Alluxio 1.4.0 has been released with a large number of new features and improvements. This blog highlights some stand out aspects of the Alluxio 1.4.0 open source release.
- Improved Alluxio Under Storage API
- Native File System REST Interface
- Packet Streaming
Improved Alluxio Under Storage API
Alluxio is a system which bridges the gap between computation and data storage. The initial version of the Under Storage API mirrored the Alluxio File System API and was tailored to storage systems providing access using an HDFS-like API. Object stores, both public and private, have increasingly become the storage backend of choice for various use cases, and as a result, the Under Storage API needed to evolve in order to best serve both object and file system data storages.
Object stores have a flat namespace with only a top level directory-like entity (a bucket). However it is possible to create pseudo-directories, which enables the illusion of directories in the under store. Since the object store API does not distinguish between file objects and directory objects, a file system API is extremely inefficient for an object store.
For example, a UFS API delete on a path does not know if a file or directory is to be deleted and must issue a remote query to fetch that metadata. Each metadata operation on the object store is expensive because of the latency involved in communicating with a remote storage system.
In Alluxio 1.4.0, the UFS API has been updated to better deal with such a scenario making use of the fact that the additional metadata required to make the call efficient is already known by Alluxio in most cases.
Changing the Under Storage API to be more object storage friendly has two main benefits:
- Optimized object store connectors: The improved UFS API suitable for object stores in addition to file systems shows significant performance benefits.
- Streamlined object store integrations: A new abstraction for object stores means that it is even easier to integrate an object store to Alluxio. Instead of worrying about patterns common to other object stores, implementing a thin wrapper over the Java client for the REST interface talking to that particular object store is now sufficient.

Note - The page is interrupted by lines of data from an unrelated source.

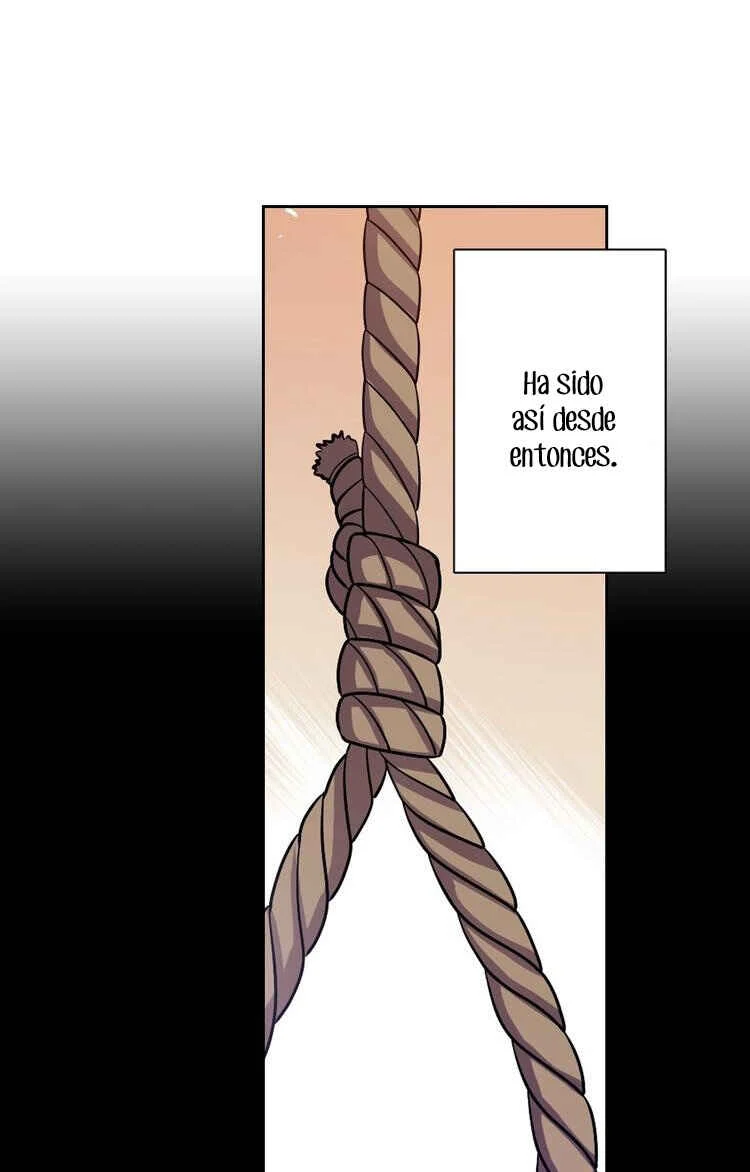 Official "Test" Manga Capítulo 1 - Page 13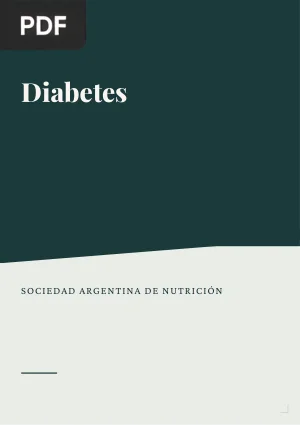 Diabetes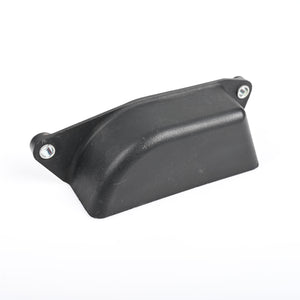 Alternator belt cover Suit 12-21 Toyota 86 & BRZ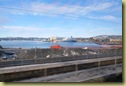 2012-02-19 Taken from the Train 3 - Oslo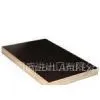 Plywood thumbnail-1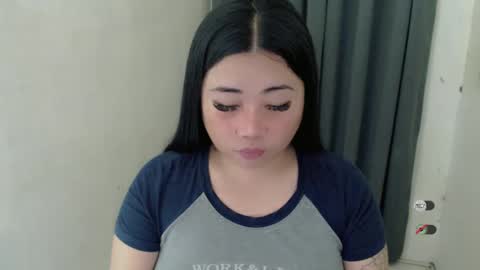 cassie marie online show from 03.09.25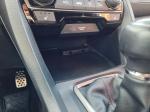 honda-civic-2020-gasolina-988cc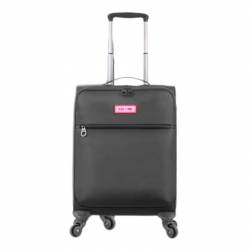 Valija Soft Modax 67 cm Negro 24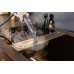 Комплект плоских щеток для швов, SC 1-6, 4 шт, Karcher 2.863-324.0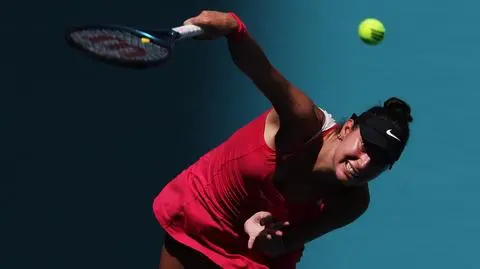 Oceane Dodin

Optimized object store connectors
Alluxio 1.4.0 has seen major improvements in small file and small read performance with object stores. Evolving the UFS API has enabled improved metadata performance with object stores. Here are a few experiments which demonstrate the benefits.
Create and Delete Performance for Empty Files
CreateDeleteS3A5x improvement compared to v1.33x improvement compared to v1.3Ceph10x improvement compared to v1.315x improvement compared to v1.3
Creation of zero-byte calls in under storage is one of the operations which has been significantly impacted by changes in 1.4.0. Write performance is improved by 5x for S3A and 10x for Ceph. Note that the performance difference is greater for Ceph, as with new abstraction called ObjectUnderFileSystem, optimizations in 1.3.0 specific to S3A are now applicable to all other object stores. The other operation which was impacted majorly is ‘delete’ with 3x and 15x improvements for S3A and Ceph respectively
Back-Of-The-Envelope Calculations
A typical data-center has a 10Gbps (~ 1GBps for the sake of calculation) network link between Alluxio and the remote storage cluster with a 1 ms RTT. The I/O time to transfer a 1MB chunk on this link would be 1MB / 1GBps = 1 ms. Reducing the number of metadata round-trips for a create operation from 10 to 1 (10x as for Ceph), reduces our total execution time from 11ms (10 ms + 1 ms) to 2ms (1 ms + 1ms) which is more than a 5x performance improvement for writing a 1MB file.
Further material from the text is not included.